━━━━━ Dataset section ━━━━━
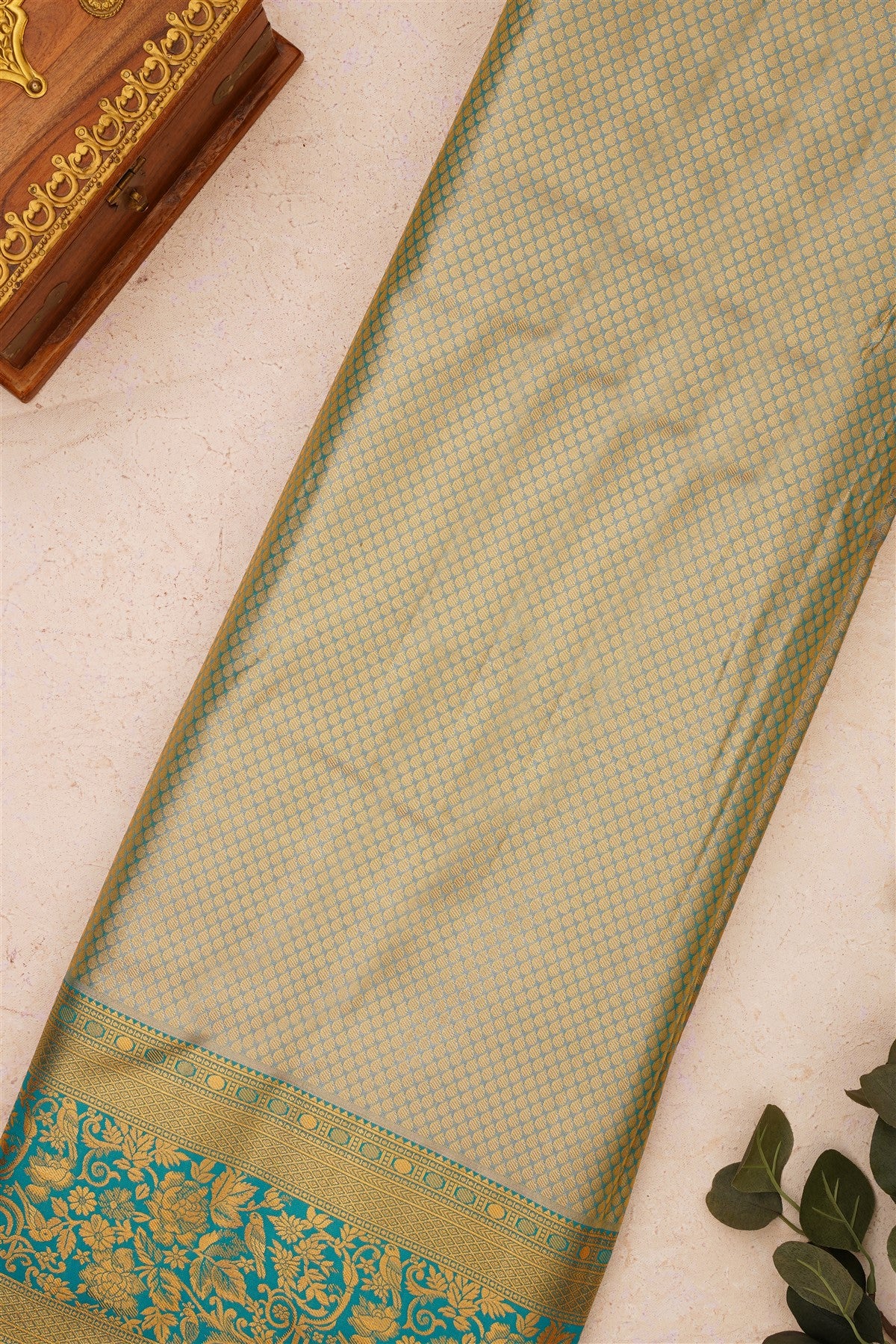Semi Kanchipuram Silk Blend Pink Saree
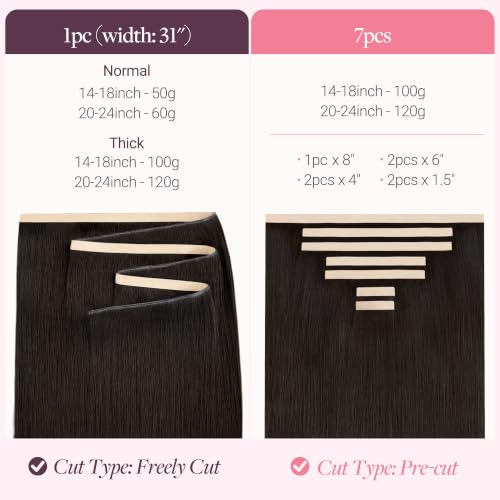 Image of GOO GOO Tape In Weft Hair Extensions, Invisible Genius Weft Home DIY 7pcs | 20 inch 120g #2 Dark Brown, Real Human Hair, Install Quickly, Breathable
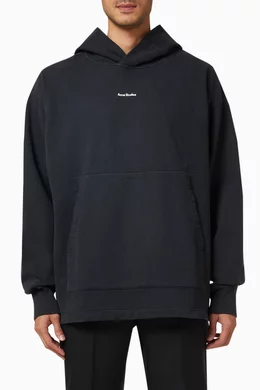 Buy Acne Studios Black Franklin Stamp Hooded Sweatshirt in Cotton Fleece For Men Online Ounass UAE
━━━━━
** Exercise requirements **
Repeat word for word only the lines from the line holding "Image of GOO" to the final line of the material, both included. Don't carry over any picture.

** Problem solution **
 Image of GOO GOO Tape In Weft Hair Extensions, Invisible Genius Weft Home DIY 7pcs | 20 inch 120g #2 Dark Brown, Real Human Hair, Install Quickly, Breathable
 Buy Acne Studios Black Franklin Stamp Hooded Sweatshirt in Cotton Fleece For Men Online Ounass UAE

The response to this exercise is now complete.